Foosball tables and bean bag chairs are so Web 1.0. If you want real street cred as a tech startup or innovation powerhouse today, then you must get a British red telephone booth.

Yes, those fire truck-colored rectangle boxes with TELEPHONE scrawled across the top, right underneath a crown.

Normally, you would find the booths in Parliament Square on Great George Street in London, where tourists like this blogger (see above photo) snap endless photos of this British relic of yesteryear.

But lately, these boxes have been popping up in Silicon Valley or any corporate office that wishes to look high techy.

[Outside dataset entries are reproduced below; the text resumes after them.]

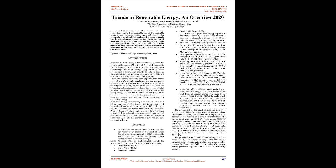India has a strong manufacturing base in wind power with 20 manufacturers of 53 different wind turbine models of international quality which are up to 3 MW in size with exports to Europe, the United States and other countries. Wind or solar PV paired with 4-hour battery storage systems is already cheap in cost as compared to other, and most importantly it is without subsidy and is a source of dispatchable generation as compared to new coal and new gas plants in India.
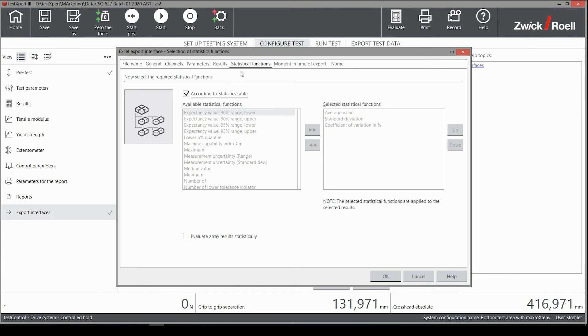On the Statistics tab, all common statistical functions are available and can be selected.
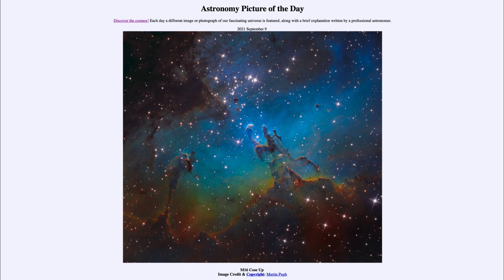If we could zoom inside and look into those knots in the infrared part of the spectrum, which penetrates the dust, we would see proto-stars — stars in the process of formation. So this cluster is still forming. While some of the stars have already formed, star formation is still going on within this cluster and will continue for a good time to come.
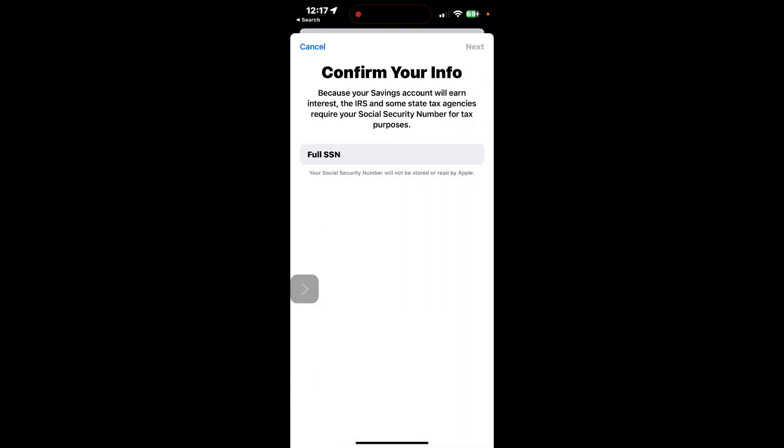From here, you need to confirm your information. Make sure that it is in fact you. And from there on, you can continue to set up your account and transfer money in and out. That's pretty much it.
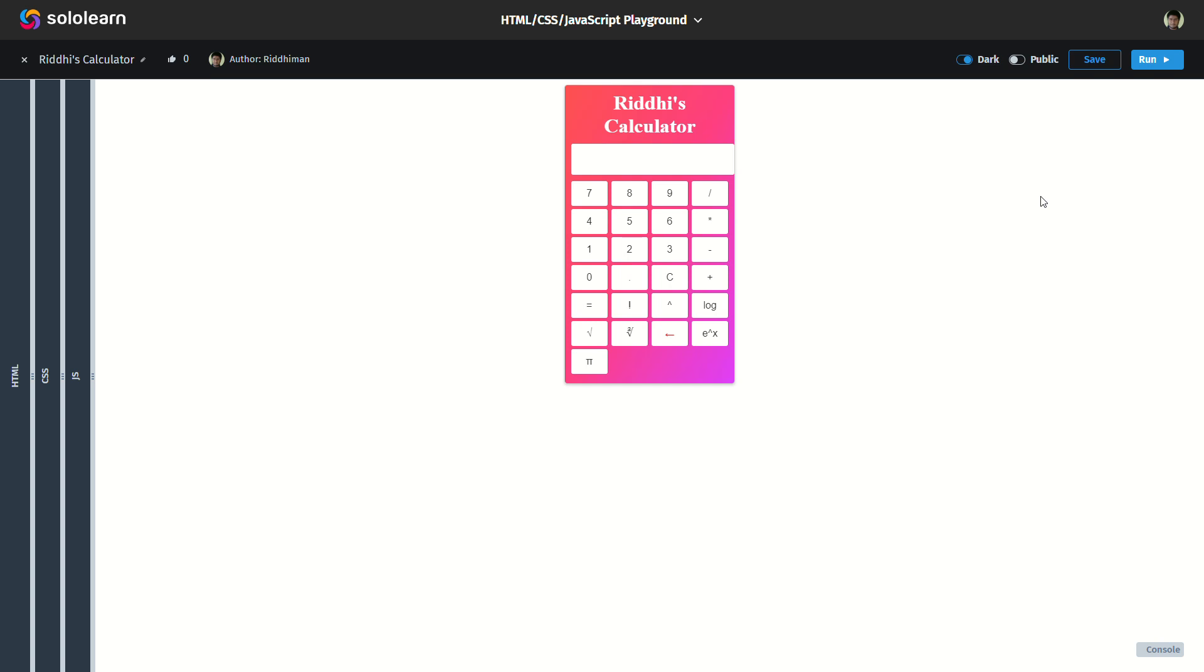Hi everyone, I am back with an update on the calculator with 3 updates from the previous version. I have added 3 things: cube root, e to the power x, and Pi. I will test those things.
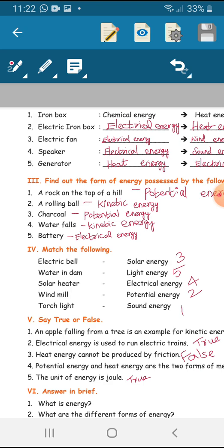Fourth: waterfalls — kinetic energy. Fifth one: battery — electrical energy.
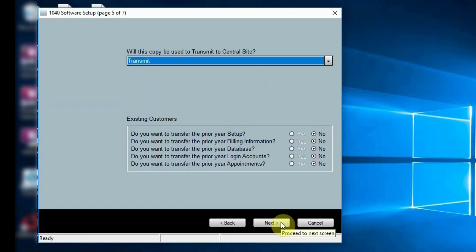Will this copy be used to transmit to CentralSite? Please leave this field as the default. If you completed the prior year information from Step 1, you will have the option here to choose what information to transfer from the prior year. Click Next to continue.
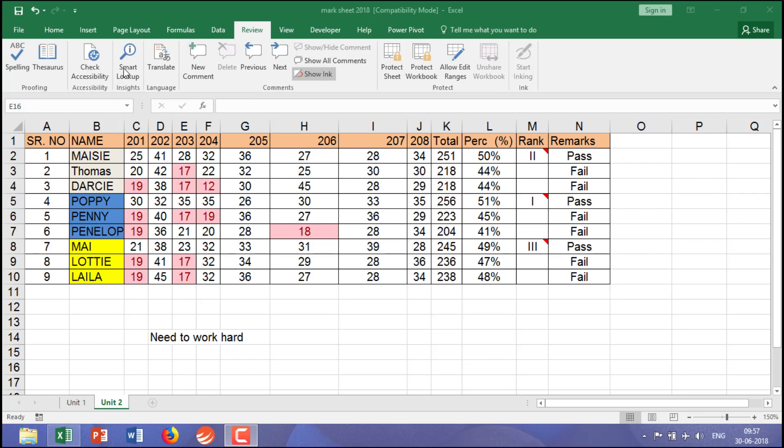Hi guys, let's learn Smart Lookup that is called Insights, which is coming under the Review tab. What is it?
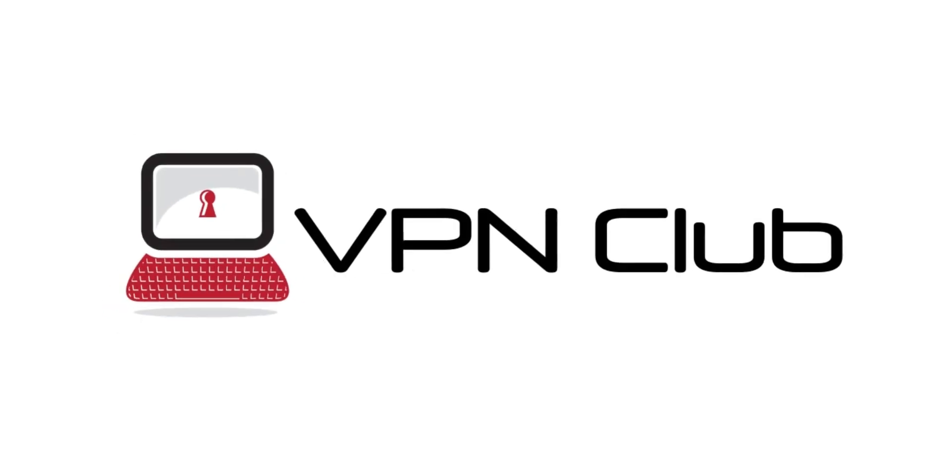Hi, and welcome to the VPN Club YouTube channel. In today's video, I'll show you how to unblock Telegram.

On a recent trip to San Francisco, where retailers like Target and Wal-Mart are trying to tap tech talent, this blogger first spotted the booth in the offices of Luvocracy, a social media/shopping startup founded by ex-Google executive Nathan Stoll and backed by venture capital heavyweight Kleiner Perkins Caufield & Byers.

Two days later, this blogger noticed not one, but two booths in the offices of Wal-Mart Labs in nearby San Bruno.

And this past week, on a visit to Target Plaza Commons on Nicollet Mall in Minneapolis, the blogger found….you guessed it….another red telephone box.




Point of Sale is not sure why tech companies have adopted the booth as its standard bearer. According to website, the General Post Office rolled out the first booth in 1921 while Sir Giles Gilbert Scott unveiled the booth’s most recognized design three years later.

It might seem odd that tech startups and retailers, who are trying to develop unique mobile technologies and smartphone apps, would gravitate to something as quaint as the telephone booth.

But as the website noted: "The telephone was a marvelous technical innovation, but for that reason was very expensive, so their use in the closing decades of the nineteenth century was limited to wealthy homeowners and businesses."

Ah. So a symbol of both innovation and exclusivity. That makes some sense.

But of course, nobody really gave that explanation.

Fiona Kirkpatrick, office manager for Luvocracy, said she found the booth on Craig’s List. Since the phone booth is obsolete, there are quite a few of them up for sale on the Internet, she said.

Since Luvocracy boasts an open office design, Kirkpatrick said she envisions employees using the booth to make real phone calls and to enjoy some privacy.

“Plus the booth looks very cool,” she said.

That’s probably as good of an answer as any. Like any fad, people like to copy what’s cool but never admit they are copying something to be cool.

How else can we explain why exposed brick, open worktables, bean bag chairs, foosball tables, pop culture quotes, whiteboards and markers have become mandatory for any startup office?

Ironic that in the quest to appear innovative, these offices all look the same.